Disenchantment (2018) IMDb


Seen in 2019.

This review refers to the first ten episodes, a half-season released in one batch on streaming services.


One of Matt Groening’s animated sitcoms: The medieval-fantasy equivalent of The Simpsons (1989) and Futurama (1999). Thankfully, the plot is more serialized.


Zøg of House Grunkwitz, once a warrior, rules the kingdom of Dreamland with more practicality than intelligence. Bean, his 19-year-old daughter from a previous marriage to a since-petrified noblewoman, likes to get drunk. Nobody likes the new queen, an amphibious reptile whose marriage to Zøg sustains a fragile peace with the neighbours. Bean gets a personal demon around the same time she friend-zones a little green optimist. Fairies are mostly hookers.


The main problem with this series is the laziness of the comedic writing: The actual jokes. Another problem, less serious but equally consistent, is the lack of imagination. The setting is purposefully naïve: The kind of American faux-medieval Europe that has plenty of drawbridges, plague carts, literal churches, Scotsmen in kilts and magical human-like species but very little internal consistency. It’s almost as thoughtless as Shrek (2001), a bad-fantasy joke about bad fantasy, but without the star power or the animation budget.
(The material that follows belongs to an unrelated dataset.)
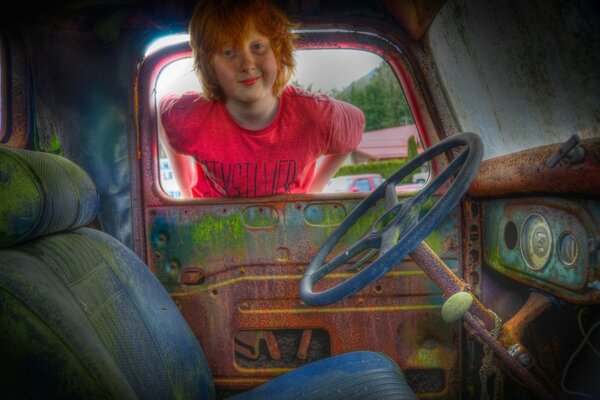 Redhead boy and vintage car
The derivative worldbuilding of Disenchantment is apparently meant to be funny, which brings us back to the main problem.
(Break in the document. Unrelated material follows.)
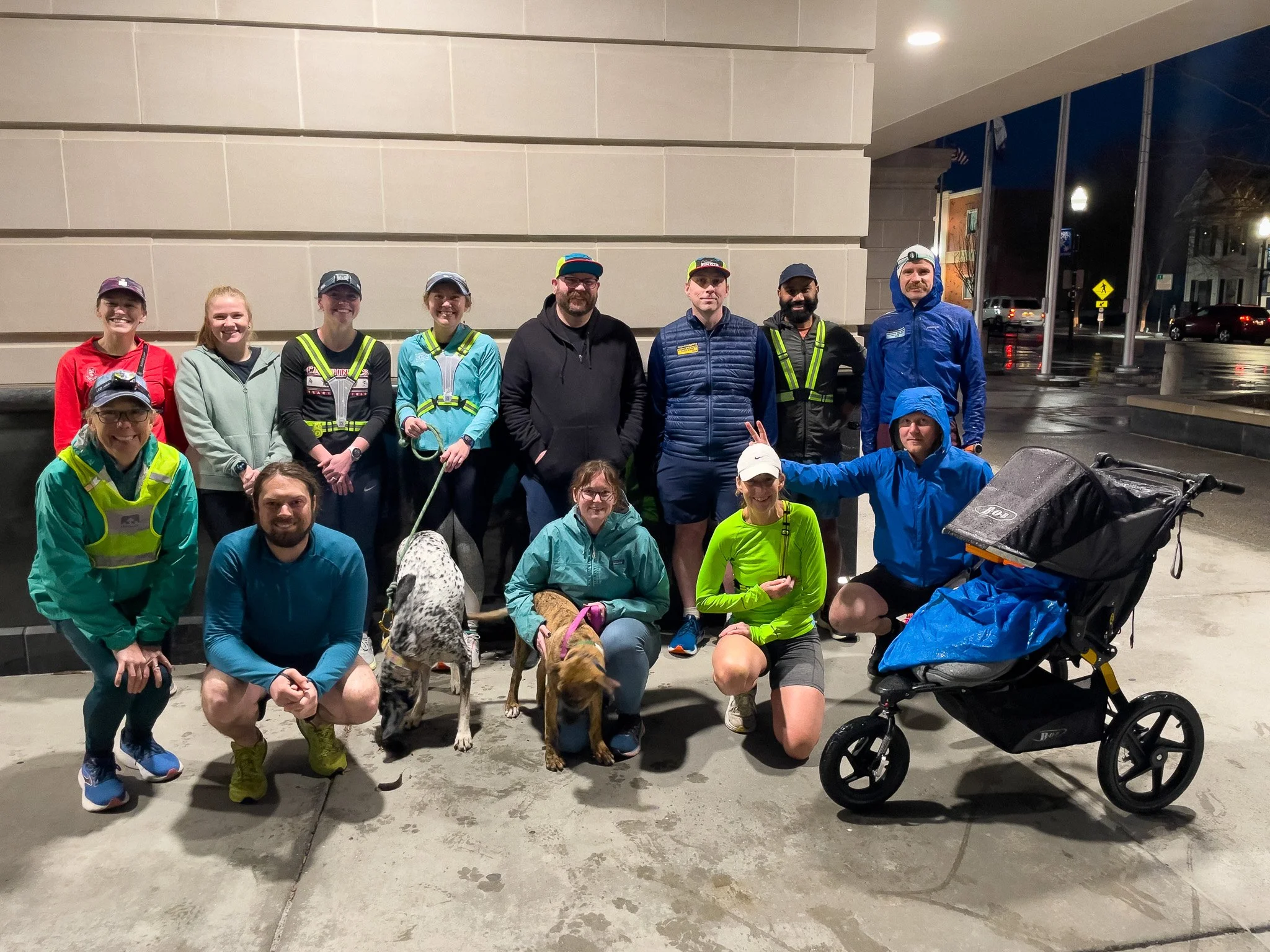 Group of people, some with dogs and a stroller, standing outside at night.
Compare Tangled (2010), which has visual beauty, a more elegant—albeit equally derivative—setting and better jokes, despite being written for actual children. The basis of Bean as a character seems to be the archetypal Disney princess, like Rapunzel, but with added sex and heavy drinking for Netflix; not a bad move, but you can’t call it clever. Compare also Mahoujin Guru-Guru (1994), a children’s show that proved able to go the distance in very similar territory.